Nine years ago as I pulled together the material that became The Heart and Craft of Lifestory Writing, I thought I knew the answer to that question, what is truth: It's what really happened, or what you really think. It's basic honesty, plain and simple. Everybody knows that, right?
That's a good starting point, but as I've learned since then, that's both incomplete and misleading. Some of my increased understanding is old news, things I knew that had not integrated into my cluster of life writing neurons. Meanwhile, advances in the study of memory continue to deepen understanding. These discoveries have profound relevance for life writers. Here's a list of a few evolving insights worth sharing:
Memory is fallible. Contrary to what you probably heard in psychology class, self-help seminars, and various other places, you do not remember every minute detail of every sensation that ever entered your brain. Recent evidence shows that incoming data is filtered, scrubbed and consolidated. Irrelevant material is unlikely to be retained. Furthermore, our brains often mistake vivid mental images for fact, embedding them as memory.

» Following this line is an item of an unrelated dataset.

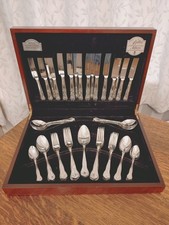 Superb 60 Piece 8 Setting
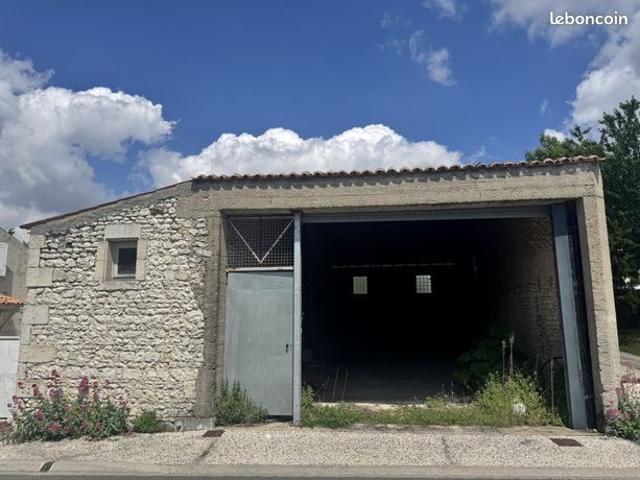 Maison 1 pièce 113 m²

Memory morphs. Research shows that each time you recall an event or thought, current circumstances and thought become enmeshed in the memory, and the initial memory may become buried in debris over time. Compare this to your story files on disk. You may save your initial draft. Then you edit and save again. You may repeat that process twenty times, perhaps changing only a word or two each time you read. Five years later, if you had a copy of that original draft, you may not recognize it as the same story. But you didn't save the original, so there's now way to know.

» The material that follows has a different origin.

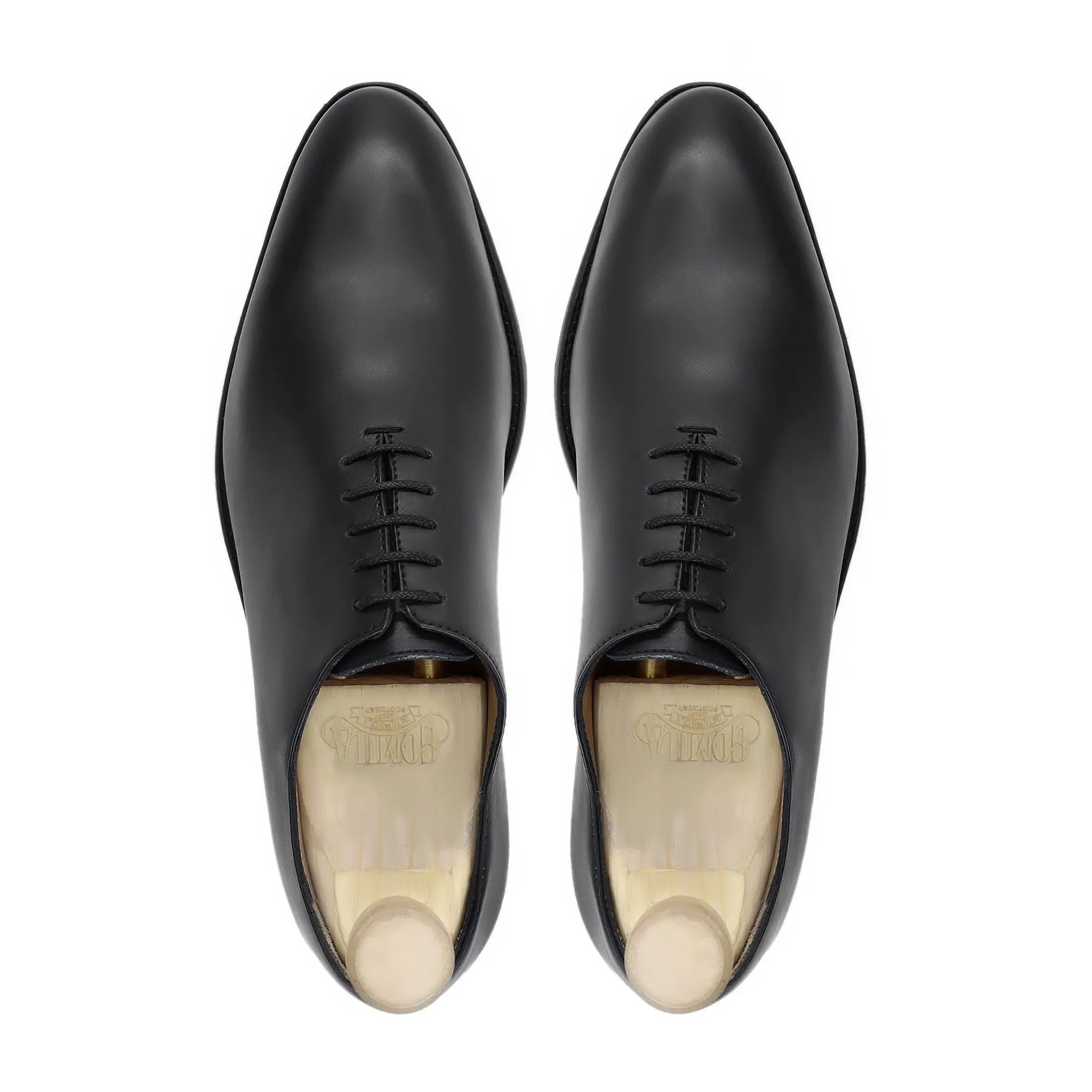 Aristocrat - Men's Black Calf Leather Wholecut Shoe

Perception is personal and situational. In 1978 I grew sick of my long, hippie hair. I was enrolled in an off-campus graduate program at Central Washington U at the time, and made the hundred mile drive to the Ellensburg campus every couple of weeks. One day I left early and stopped at a hair salon before a lunch date with my mentor. Although I felt foxy as heck with my sleek new bob, I could barely see beyond a new fringe of bangs invading my view. My next stop was the library. When I stepped up to the checkout desk, I heard a man say, "Oh, my GOD!" A bomb exploded in my self-absorbed brain. Could my hair be that bad? I swung around and saw him gaping at a document.
Truth is relative. This perspective is based on the one above. In my essay, Mayhem at Camp RYLA, I cite the example of a young woman who worked as a bank teller and was held up at gunpoint a few months earlier. Shots were fired, though not at her. During a simulated crime at Camp RYLA, she saw an object held at arms' length, pointed in her direction. Not only did she tearfully swear under oath at the mock trial that a gun had been pointed at her, but that she'd heard a shot. That belief was so strong and true for her that she went into near meltdown at the revelation the "gun" had been a plastic water pistol.
Truth is situational and sometimes inconsistent. Victims of abuse often testify to this. "I loved him," they claim, years after they got brave enough to leave. "I really loved him. And I hated him when he beat me. Sometimes I wished he was dead." Those feelings, those truths, can exist side-by-side for decades.
So, you see, although I don't deny the existence of universal truths like the power of love, story truth is fuzzy, fleeting and personal.Write your story the way you see it, the way it's real and true to you. If you find truth changing as you write, consider yourself blessed.
Write now: Make a list of beliefs about what you hold true. Jot down a few examples of each. Then ask yourself Byron Katie's question, "Is this really, really true?" and "How do I know it's true?" You may be surprised by what you learn.